É interessante que as duas obras se aproximam em muitos pontos, apesar de tratarem momentos diversos dentro do mesmo acontecimento histórico. Spiegelman revive as experiências de seu pai nos campos de concentração, enquanto que Safran Foer relata a destruição de Trachimbrod, o shtetl em que sua família vivia. Mas ambos inserem-se no relato, como investigadores da história- em partes perdida, em partes exagerada ou distorcida pela dor.

Ao mesmo tempo em que essas histórias são bastante pessoais, por vezes agindo como um modo de redimir as falhas de caráter daqueles que inspiraram os autores a escrevê-las, elas possuem um distanciamento crítico que é quase impossível para os sobreviventes diretos da tragédia.

Existe, porém, um terceiro ‘tipo’ de literatura do Holocausto, cujo maior representante (em minha opinião) é o caxúbio Günter Grass.

Grass- galardeado com o Nobel de Literatura em 1999- não sofreu durante a Guerra: ele era apenas um jovem membro das SS. Apesar de- até onde se sabe- não ter participado diretamente do genocídio, sua herança é a culpa.

Não é a toa que ele é considerado a ‘consciência histórica alemã’ (apesar de ser caxúbio, Grass sempre escreveu em alemão). Em livros como ‘O Tambor’, ele retrata a loucura da Guerra, a loucura do ódio e da lógica perversa que foi seguida- quase que cegamente- pelo povo alemão.

‘O Tambor’ é, certamente, uma de suas obras primas. Mas, talvez, uma de suas obras que- no que toca o holocausto- seja mais emblemática seja ‘Passos de Caranguejo’. Nesse livro- um de seus mais curtos- Grass conta a história de um jovem neonazista que assassina um judeu- que conhecera na internet e com o qual combinara de se encontrar.

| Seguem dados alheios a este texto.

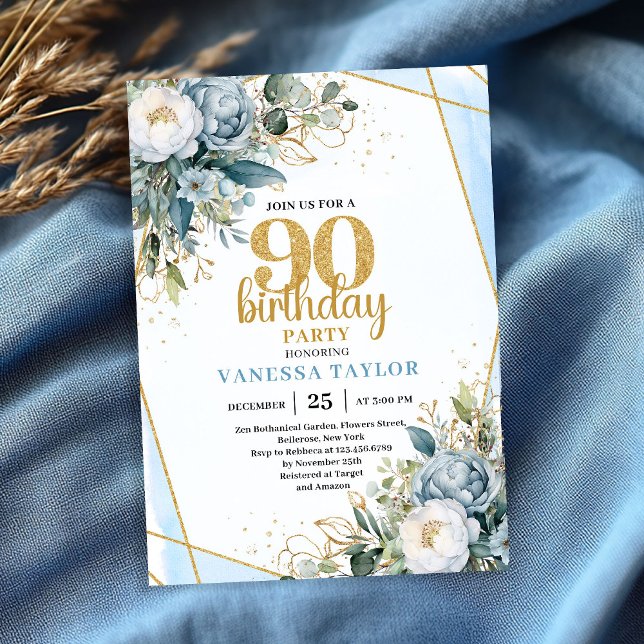 Modern Blue Floral Gold Frame 90th Birthday Invite Inbjudningar (Modern Blue Floral Gold Frame 90th Birthday Invite)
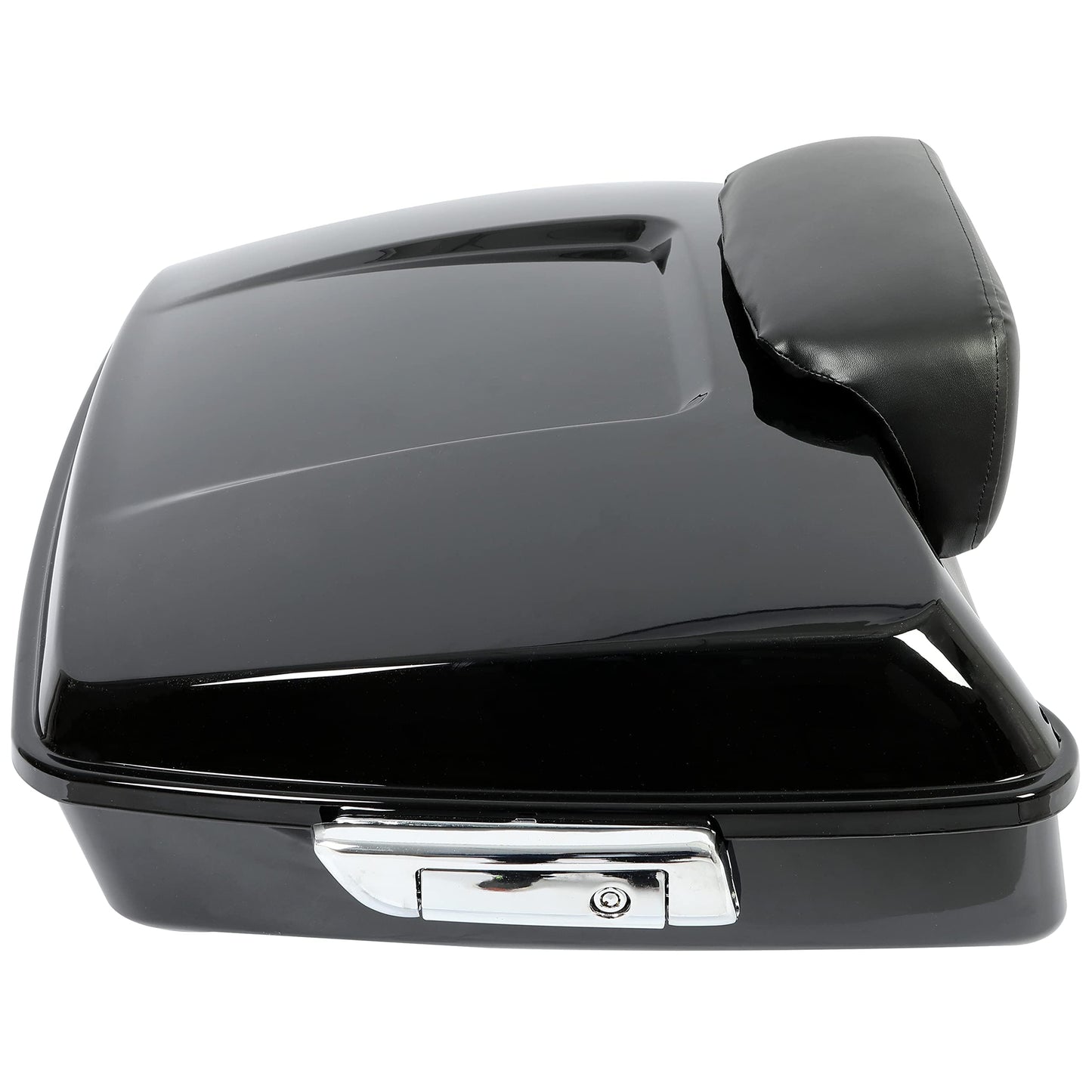 ECOTRIC Chopped Luggage Trunk W/Pad Compatible with 2014-2024 Harley Touring Road King Road Glide Street Glide Electra Glide Tail Box Trunk with Backrest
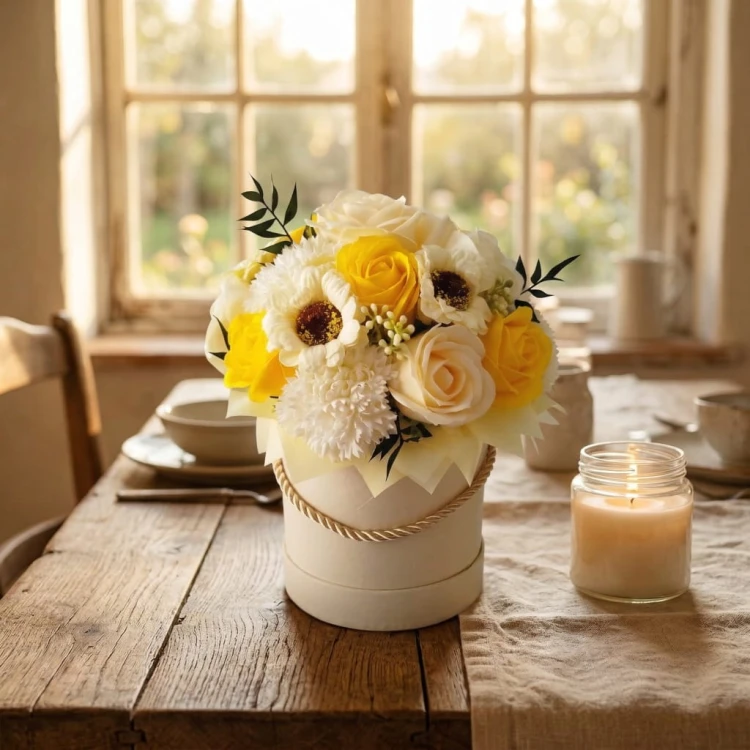 Flower Box Kwiaty Mydlane Wieczne Róże Żółty Bukiet Prezent Na Dzień Matki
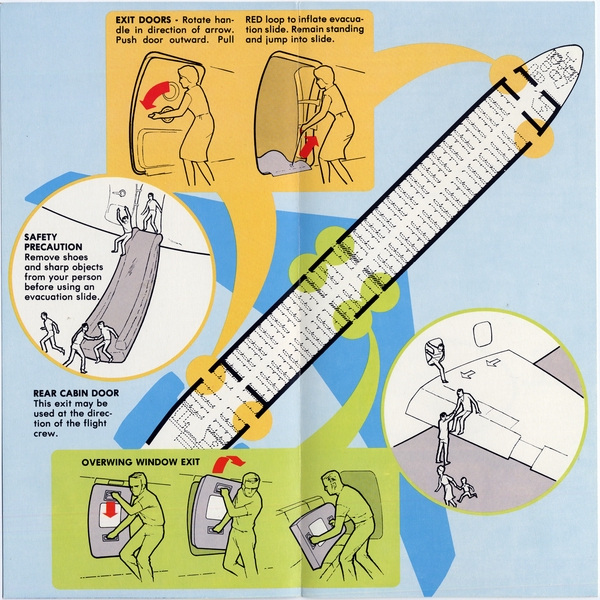 Image: safety information card: Pacific Southwest Airlines (PSA), Boeing 727-200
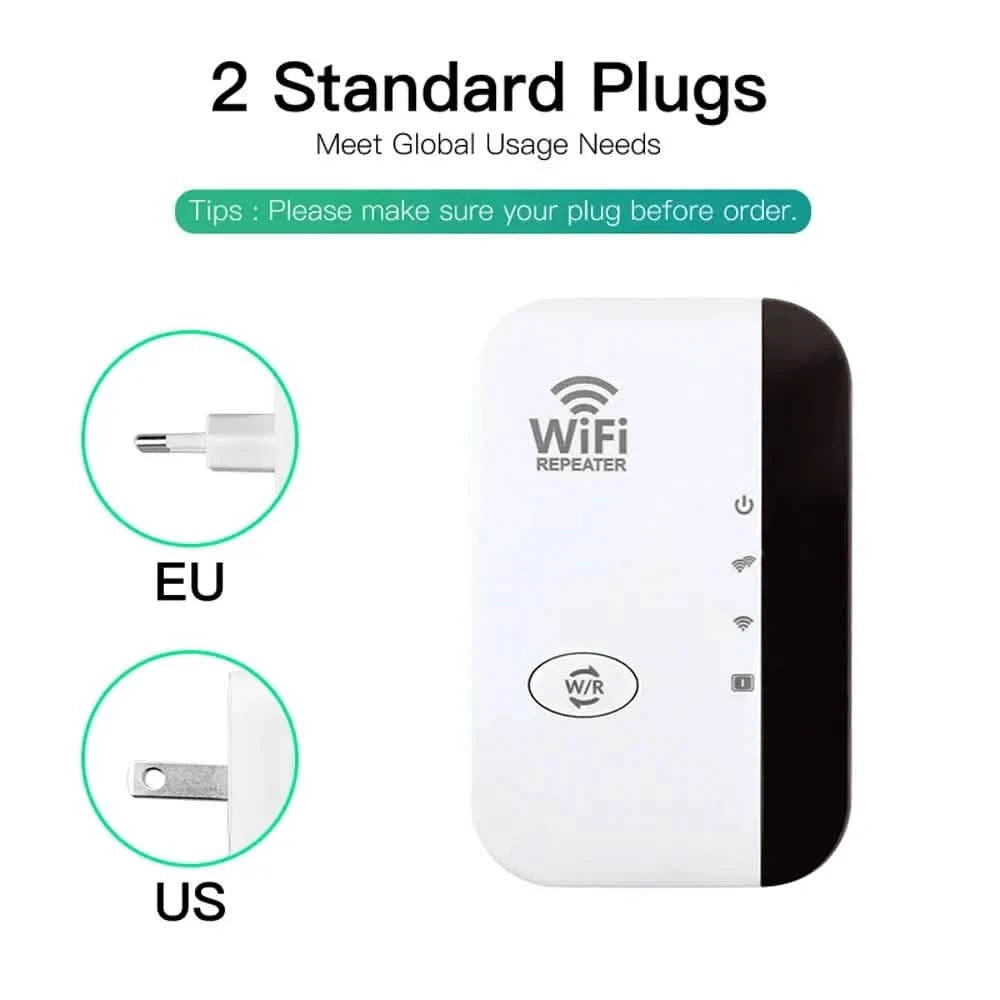 300Mbps WiFi Repeater Extender 2.4GHz 802.11n Wireless Range Booster with WPS and Ethernet Port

Não é só o arrependimento de Grass que permeia seu livro. Sua voz junta-se a de todos os outros escritores que tocaram o tema, parafraseando o que o monumento erigido em Birkenau, em homenagem aos que morreram lá e em toda a barbárie do Holocausto, servindo como ‘um grito de desespero e advertência para a humanidade’.